Hdd vs hdd what do i upgrade??

robthatguyx

Distinguished
Dec 20, 2011
1,155
0
19,310
ok so i was orginally planning on getting this for my first build
http://www.newegg.com/Product/Product.aspx?Item=N82E16822152185
instead i think i will get this because there is no need for 1tb of mem
http://www.newegg.com/Product/Product.aspx?Item=N82E16822136075
whats a viable upgrade with the money im saving im already set on a hafx h100pushpull 16gigs corsair vengance 999 24 i52500k asrock z68 fatality gen3 razer black widow and deathadder black edition astromixamp pro and audio technica ath-ad700s and a xfx r7970 disk drive is gonna be a bluray samsung combo drive . so should i upgrade anything and if so what should i do with the cash id have from going to the 160gb or should i get 2 of those and run a raid 0? and yes i know 16gb is overkill
 

robthatguyx

Distinguished
Dec 20, 2011
1,155
0
19,310
i was actually thinking of getting like a 120gb hhd for my os boot drive and a small ssd for loading games and such..or do i want that the other way around all ive heard ssds doing is being the same thing as a hdd drive only chips and there faster
 
If anything you want the SSD as your boot drive - you'll notice the snappiness of the OS and any programs on the drive. I'm with rvilkman - just get a larger SSD (120GB-160GB) rather than a small HDD and small SSD. You'll spend about the same $$ since the HDD prices are inflated.
 
64bit will take up about 20-25GB after updates, and you'll need to reduce your pagefile.sys and turn off hiberfile.sys (hibernation). Those will take up as much space as your RAM (in my case 16GB RAM = 16GB pagefile).

I use a 64GB drive as my boot drive, and I have ~15GB free (I have Office and another program/two that take up significant space installed on it as well).
 


I use a 120gb SSD for everything.

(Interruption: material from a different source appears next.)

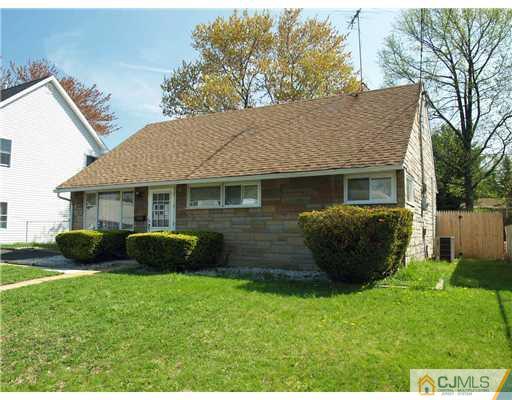 28 Stiles Road Edison, NJ 08817 - Photo 15 of 25 a view of a house with a yard and a garden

It has w7-64 bit, half a dozen games, and 4gb of photos.
There is 28gb free out of 111gb useable with no attempt to conserve space.

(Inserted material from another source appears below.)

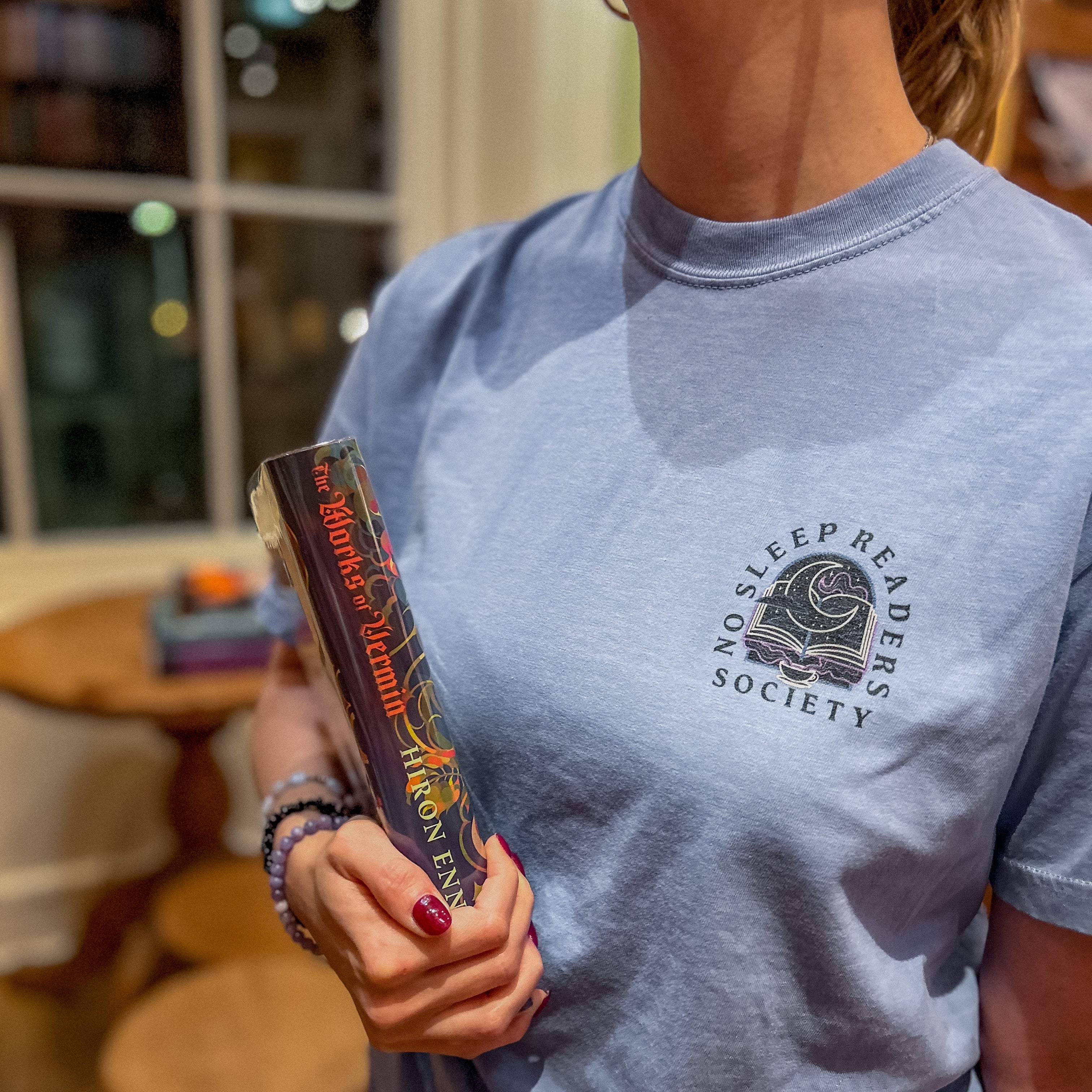 Person wearing a blue t-shirt with a pocket design that reads no sleep reader society and is holding a book in an indoor setting.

Considering the current high prices of hard drives, starting with just a SSD sounds like a good plan to me.
Expect to pay $1.50 per gb. SSD performance among all current ssd's is remarkably similar in real world usage. Do not be much influenced by glowing synthetic benchmarks which are unrealistic.

Reliability does count.
Look for Intel, Samsung, or crucial in that order.

And... The value in a 1tb drive over a 160gb drive is that larger drives are faster, particularly when using the first 10% of a drive.
That is because the platters are denser, and can transfer more data per revolution.